Coba perhatikan Walikota Solo Gibran Rakabumingraka, saat menyampaikan statement pada media dan beberapa kali terdengar saat rapat resmi pun sebagian menggunakan bahasa Jawa.
Kenapa itu tak dipermasalahkan oleh yang terhormat nan Pancasialis, Arteria Dahlan, kenapa bahasa Sunda yang digugat bahkan ia meminta pejabat tersebut dipecat?
Saya pun yakin, Kajati Jawa Barat seperti yang di mention Arteria, tak seluruhnya menggunakan bahasa Sunda seperti yang diucapkan lengser pada upacara perkawinan adat Sunda.

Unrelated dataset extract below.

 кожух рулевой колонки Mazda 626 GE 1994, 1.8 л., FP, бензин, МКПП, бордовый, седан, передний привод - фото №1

Apa salahnya.
Tak heran kemudian masyarakat Sunda meradang, karena agak sulit untuk mengelak bahwa ada nuansa rasis dan intoleran dalam ungkapan Arteria Dahlan itu.

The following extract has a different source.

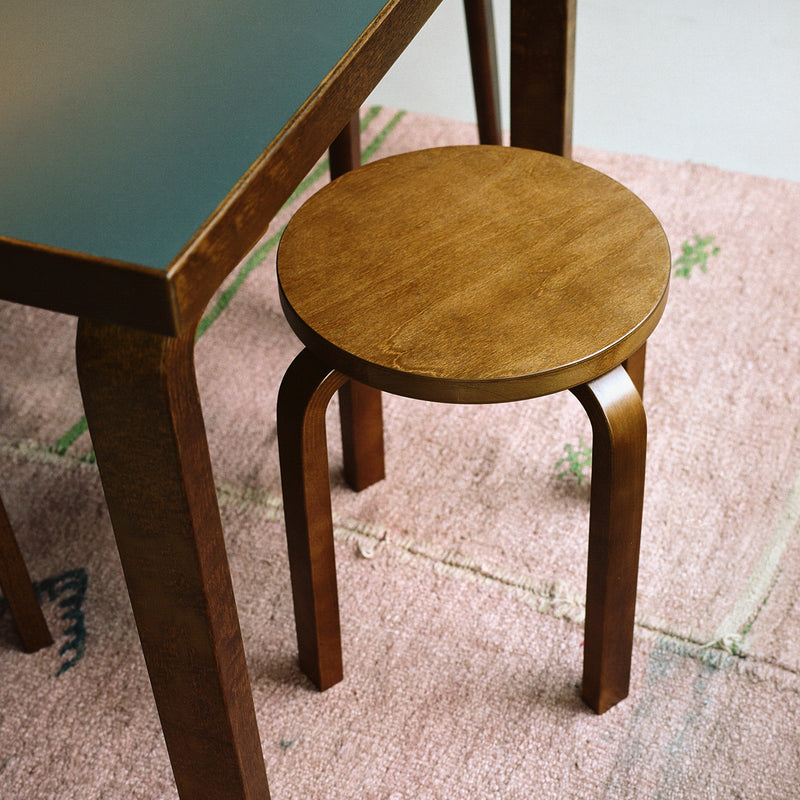 Artek - Hocker E60 | Nussbaum gebeizt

Ridwal Kamil Gubenur Jawa Barat, wilayah dimana masyarakat Sunda berada harus bereaksi lewat cuitan di akun Twitter miliknya @Ridwankamil, menyayangkan ucapan Arteria yang terkesan intoleran.
"Searifnya Bang Arteria Dahlan meminta maaf kpd masyarakat #Sunda. Negeri ini sdh lelah dgn pertengkaran. Nusantara ini kaya krn perbedaan, termasuk bahasa. Jika tdk nyaman silakan sampaikan keberatan, namun minta pemecatan jabatan menurut saya itu berlebihan. Mari Jaga persatuan."
Begitu cuitannya, dan saya sepakat dengan kang Emil, enggak capekah kita harus bertengkar karena identitas.
Suku, agama, dan ras adalah bagian dari identitas seseorang, dan sudah dipastikan tak akan sama semuanya yang harus dihormati bukan terus menerus diungkit-ungkit.
Intoleransi itu bukan hanya urusan agama, melainkan juga dalam hal suku dan budaya.